» **HOW TO COMPLETE THIS TASK**:
Word for word, repeat every record.

○ ○ ○ ○ ○ ○ ○

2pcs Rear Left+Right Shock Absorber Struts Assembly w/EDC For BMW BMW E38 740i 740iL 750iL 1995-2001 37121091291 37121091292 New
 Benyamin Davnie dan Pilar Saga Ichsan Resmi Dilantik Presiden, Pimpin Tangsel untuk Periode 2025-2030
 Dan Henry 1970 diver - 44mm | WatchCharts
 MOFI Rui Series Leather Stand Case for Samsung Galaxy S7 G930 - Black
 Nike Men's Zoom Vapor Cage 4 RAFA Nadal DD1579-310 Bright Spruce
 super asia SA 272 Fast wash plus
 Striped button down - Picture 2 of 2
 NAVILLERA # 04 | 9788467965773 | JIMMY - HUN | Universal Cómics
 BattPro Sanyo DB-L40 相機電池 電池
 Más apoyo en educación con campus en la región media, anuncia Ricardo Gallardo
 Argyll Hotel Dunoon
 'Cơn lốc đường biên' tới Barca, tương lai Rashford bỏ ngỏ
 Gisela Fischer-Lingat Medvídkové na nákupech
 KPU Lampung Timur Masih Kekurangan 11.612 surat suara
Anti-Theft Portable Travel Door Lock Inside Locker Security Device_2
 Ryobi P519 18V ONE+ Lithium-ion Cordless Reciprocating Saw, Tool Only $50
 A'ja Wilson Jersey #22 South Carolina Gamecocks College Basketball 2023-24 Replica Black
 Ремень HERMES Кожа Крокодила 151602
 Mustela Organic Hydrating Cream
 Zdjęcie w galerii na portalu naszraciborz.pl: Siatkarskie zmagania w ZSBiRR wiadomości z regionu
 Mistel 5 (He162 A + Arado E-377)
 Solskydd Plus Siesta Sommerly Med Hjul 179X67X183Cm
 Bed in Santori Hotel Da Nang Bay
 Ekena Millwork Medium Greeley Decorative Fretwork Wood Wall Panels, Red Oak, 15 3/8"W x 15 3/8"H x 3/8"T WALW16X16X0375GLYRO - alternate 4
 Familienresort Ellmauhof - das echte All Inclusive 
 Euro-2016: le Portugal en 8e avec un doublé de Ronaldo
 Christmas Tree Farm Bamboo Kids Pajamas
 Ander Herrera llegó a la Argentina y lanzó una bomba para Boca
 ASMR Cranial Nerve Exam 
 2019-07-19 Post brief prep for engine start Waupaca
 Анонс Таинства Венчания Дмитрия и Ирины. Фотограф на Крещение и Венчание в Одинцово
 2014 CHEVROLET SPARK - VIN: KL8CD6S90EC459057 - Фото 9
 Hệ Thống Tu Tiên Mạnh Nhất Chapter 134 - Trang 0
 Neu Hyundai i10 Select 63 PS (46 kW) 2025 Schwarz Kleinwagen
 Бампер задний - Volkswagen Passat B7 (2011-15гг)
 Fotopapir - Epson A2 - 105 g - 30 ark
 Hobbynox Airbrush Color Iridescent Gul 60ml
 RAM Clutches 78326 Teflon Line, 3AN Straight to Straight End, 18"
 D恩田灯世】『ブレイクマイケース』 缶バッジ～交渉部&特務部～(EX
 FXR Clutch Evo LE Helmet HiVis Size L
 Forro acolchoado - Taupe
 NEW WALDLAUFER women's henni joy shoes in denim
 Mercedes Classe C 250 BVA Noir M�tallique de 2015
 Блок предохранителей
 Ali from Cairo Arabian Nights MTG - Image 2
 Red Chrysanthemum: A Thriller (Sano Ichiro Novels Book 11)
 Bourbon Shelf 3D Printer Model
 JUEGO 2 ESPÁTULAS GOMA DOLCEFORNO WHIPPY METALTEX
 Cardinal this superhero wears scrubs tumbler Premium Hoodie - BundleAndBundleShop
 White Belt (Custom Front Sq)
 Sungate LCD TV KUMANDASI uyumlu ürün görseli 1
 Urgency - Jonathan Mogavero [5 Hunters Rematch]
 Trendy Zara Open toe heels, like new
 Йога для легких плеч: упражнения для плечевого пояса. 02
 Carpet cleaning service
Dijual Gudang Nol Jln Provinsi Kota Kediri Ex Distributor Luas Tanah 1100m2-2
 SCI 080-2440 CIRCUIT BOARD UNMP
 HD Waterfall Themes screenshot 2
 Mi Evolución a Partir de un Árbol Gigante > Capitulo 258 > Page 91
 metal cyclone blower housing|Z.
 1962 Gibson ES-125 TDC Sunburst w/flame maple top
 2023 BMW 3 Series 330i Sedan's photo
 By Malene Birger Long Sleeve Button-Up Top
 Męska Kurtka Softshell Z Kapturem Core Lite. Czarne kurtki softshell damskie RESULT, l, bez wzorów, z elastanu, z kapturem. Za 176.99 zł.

○ ○ ○ ○ ○ ○ ○

» **OUTPUT OF THE EXERCISE**:
2pcs Rear Left+Right Shock Absorber Struts Assembly w/EDC For BMW BMW E38 740i 740iL 750iL 1995-2001 37121091291 37121091292 New
 Benyamin Davnie dan Pilar Saga Ichsan Resmi Dilantik Presiden, Pimpin Tangsel untuk Periode 2025-2030
 Dan Henry 1970 diver - 44mm | WatchCharts
 MOFI Rui Series Leather Stand Case for Samsung Galaxy S7 G930 - Black
 Nike Men's Zoom Vapor Cage 4 RAFA Nadal DD1579-310 Bright Spruce
 super asia SA 272 Fast wash plus
 Striped button down - Picture 2 of 2
 NAVILLERA # 04 | 9788467965773 | JIMMY - HUN | Universal Cómics
 BattPro Sanyo DB-L40 相機電池 電池
 Más apoyo en educación con campus en la región media, anuncia Ricardo Gallardo
 Argyll Hotel Dunoon
 'Cơn lốc đường biên' tới Barca, tương lai Rashford bỏ ngỏ
 Gisela Fischer-Lingat Medvídkové na nákupech
 KPU Lampung Timur Masih Kekurangan 11.612 surat suara
Anti-Theft Portable Travel Door Lock Inside Locker Security Device_2
 Ryobi P519 18V ONE+ Lithium-ion Cordless Reciprocating Saw, Tool Only $50
 A'ja Wilson Jersey #22 South Carolina Gamecocks College Basketball 2023-24 Replica Black
 Ремень HERMES Кожа Крокодила 151602
 Mustela Organic Hydrating Cream
 Zdjęcie w galerii na portalu naszraciborz.pl: Siatkarskie zmagania w ZSBiRR wiadomości z regionu
 Mistel 5 (He162 A + Arado E-377)
 Solskydd Plus Siesta Sommerly Med Hjul 179X67X183Cm
 Bed in Santori Hotel Da Nang Bay
 Ekena Millwork Medium Greeley Decorative Fretwork Wood Wall Panels, Red Oak, 15 3/8"W x 15 3/8"H x 3/8"T WALW16X16X0375GLYRO - alternate 4
 Familienresort Ellmauhof - das echte All Inclusive 
 Euro-2016: le Portugal en 8e avec un doublé de Ronaldo
 Christmas Tree Farm Bamboo Kids Pajamas
 Ander Herrera llegó a la Argentina y lanzó una bomba para Boca
 ASMR Cranial Nerve Exam 
 2019-07-19 Post brief prep for engine start Waupaca
 Анонс Таинства Венчания Дмитрия и Ирины. Фотограф на Крещение и Венчание в Одинцово
 2014 CHEVROLET SPARK - VIN: KL8CD6S90EC459057 - Фото 9
 Hệ Thống Tu Tiên Mạnh Nhất Chapter 134 - Trang 0
 Neu Hyundai i10 Select 63 PS (46 kW) 2025 Schwarz Kleinwagen
 Бампер задний - Volkswagen Passat B7 (2011-15гг)
 Fotopapir - Epson A2 - 105 g - 30 ark
 Hobbynox Airbrush Color Iridescent Gul 60ml
 RAM Clutches 78326 Teflon Line, 3AN Straight to Straight End, 18"
 D恩田灯世】『ブレイクマイケース』 缶バッジ～交渉部&特務部～(EX
 FXR Clutch Evo LE Helmet HiVis Size L
 Forro acolchoado - Taupe
 NEW WALDLAUFER women's henni joy shoes in denim
 Mercedes Classe C 250 BVA Noir M�tallique de 2015
 Блок предохранителей
 Ali from Cairo Arabian Nights MTG - Image 2
 Red Chrysanthemum: A Thriller (Sano Ichiro Novels Book 11)
 Bourbon Shelf 3D Printer Model
 JUEGO 2 ESPÁTULAS GOMA DOLCEFORNO WHIPPY METALTEX
 Cardinal this superhero wears scrubs tumbler Premium Hoodie - BundleAndBundleShop
 White Belt (Custom Front Sq)
 Sungate LCD TV KUMANDASI uyumlu ürün görseli 1
 Urgency - Jonathan Mogavero [5 Hunters Rematch]
 Trendy Zara Open toe heels, like new
 Йога для легких плеч: упражнения для плечевого пояса. 02
 Carpet cleaning service
Dijual Gudang Nol Jln Provinsi Kota Kediri Ex Distributor Luas Tanah 1100m2-2
 SCI 080-2440 CIRCUIT BOARD UNMP
 HD Waterfall Themes screenshot 2
 Mi Evolución a Partir de un Árbol Gigante > Capitulo 258 > Page 91
 metal cyclone blower housing|Z.
 1962 Gibson ES-125 TDC Sunburst w/flame maple top
 2023 BMW 3 Series 330i Sedan's photo
 By Malene Birger Long Sleeve Button-Up Top
 Męska Kurtka Softshell Z Kapturem Core Lite. Czarne kurtki softshell damskie RESULT, l, bez wzorów, z elastanu, z kapturem. Za 176.99 zł.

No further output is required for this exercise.